Normally, a freezer will not have these kinds of ice cubes
Photo via Pixabay, X-ray diffraction image courtesy of The Ohio State University.
An international team of Researchers has set a new record for developing ice crystals that have a near-perfect cubic arrangement of water molecules. It is a form of ice that might exist in the coldest high-altitude clouds, but is very hard to make on Earth.
Barbara Wyslouzil, Project Leader and Professor of Chemical and Biomolecular Engineering at The
Ohio State University, said that the ability to study and make cubic ice in the laboratory could enhance computer models of how clouds interact with the atmosphere and sunlight—both key to understanding climate change.
It could also improve the understanding of water, one of the most vital molecules for life on our planet.
Seen under a microscope, normal water ice—from frozen ponds, to snow, to the ice people make at home—is made up of crystals with hexagonal symmetry, Wyslouzil said. However, the crystals can take a cubic form with only a small change in how the water molecules are arranged in ice.
Until now, Scientists have used the presence of cold cubic ice clouds high above the surface of the earth to explain interesting halos seen around the sun, and the presence of triangular ice crystals in the atmosphere. For decades, Researchers have struggled to create cubic ice in the laboratory, but since the cubic form is unstable, the closest anyone has come is to create hybrid crystals that are around 70% cubic and 30% hexagonal.
In a paper published in the
Journal of Physical Chemistry Letters Wyslouzil, Graduate Research Associate Andrew Amaya and their collaborators describe how they were able to make frozen water droplets that were nearly 80% cubic.
While 80 percent might not sound ‘near perfect,’ most researchers no longer believe that 100 percent pure cubic ice is attainable in the lab or in nature. So the question is, how cubic can we make it with current technology? Previous experiments and computer simulations observed ice that is about 75 percent cubic, but we’ve exceeded that.
Barbara Wyslouzil, Project Leader and Professor of Chemical and Biomolecular Engineering, The Ohio State University
The Researchers drew water vapor and nitrogen through nozzles at supersonic speeds in order to make the highly cubic ice. When the gas expanded, it cooled and formed droplets a hundred thousand times smaller compared to the average raindrop. These droplets were very much supercooled, meaning that they were liquid well below the normal freezing temperature of 32 °F (0 °C). In fact, these droplets remained liquid until about -55 °F (around -48 °C) and then froze in about one millionth of a second.
Researchers carried out X-ray diffraction experiments at the Linac Coherent Light Source (LCLS) at the SLAC National Accelerator Laboratory in Menlo Park, CA to measure the cubicity of the ice formed in the nozzle. There, they hit the water droplets with the high-intensity X-ray laser from LCLS and noted the diffraction pattern on an X-ray camera. The Researchers also saw concentric rings at wavelengths and intensities that pointed out that the crystals were around 80% cubic.
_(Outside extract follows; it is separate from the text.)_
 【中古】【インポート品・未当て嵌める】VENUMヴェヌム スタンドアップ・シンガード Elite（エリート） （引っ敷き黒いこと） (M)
The very low temperatures and quick freezing were essential to forming cubic ice.
Since liquid water drops in high-altitude clouds are typically supercooled, there is a good chance for cubic ice to form there.
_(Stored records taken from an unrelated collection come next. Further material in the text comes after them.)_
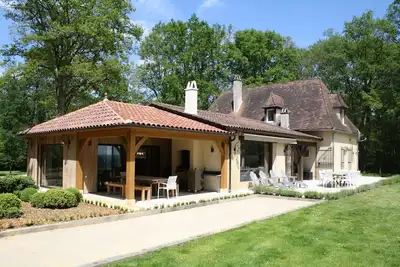 Image de Magnifique villa de standing avec vue panoramique  et piscine privée et chauffée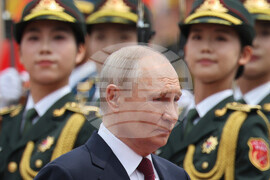 China Russia Putin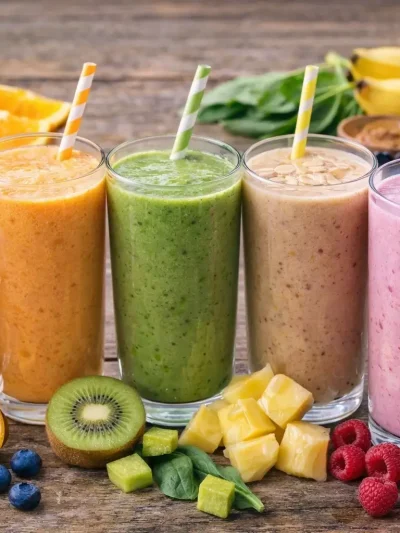 Batidos Saludables: 6 Recetas para Empezar el día con Energía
Barbara Wyslouzil , Project Leader and Professor of Chemical and Biomolecular Engineering, The Ohio State University
Exactly why it was possible to create crystals with around 80% cubicity is currently unknown and exactly how water freezes on the molecular level is also unknown.
When water freezes slowly, we can think of ice as being built from water molecules the way you build a brick wall, one brick on top of the other. But freezing in high-altitude clouds happens too fast for that to be the case—instead, freezing might be thought as starting from a disordered pile of bricks that hastily rearranges itself to form a brick wall, possibly containing defects or having an unusual arrangement. This kind of crystal-making process is so fast and complex that we need sophisticated equipment just to begin to see what is happening. Our research is motivated by the idea that in the future we can develop experiments that will let us see crystals as they form.
Claudiu Stan, Research Associate, The Stanford PULSE Institute at SLAC and Partner in the project
Additional Co-Authors on the paper were from Ohio State, SLAC, the National University of Singapore, Stockholm University, KTH Royal Institute of Technology, Brookhaven National Laboratory and the National Science Foundation BioXFEL Science and Technology Center. The research was funded by the National Science Foundation, the U.S. Department of Energy and SLAC. The use of LCLS was supported by the U.S. Department of Energy Office of Science.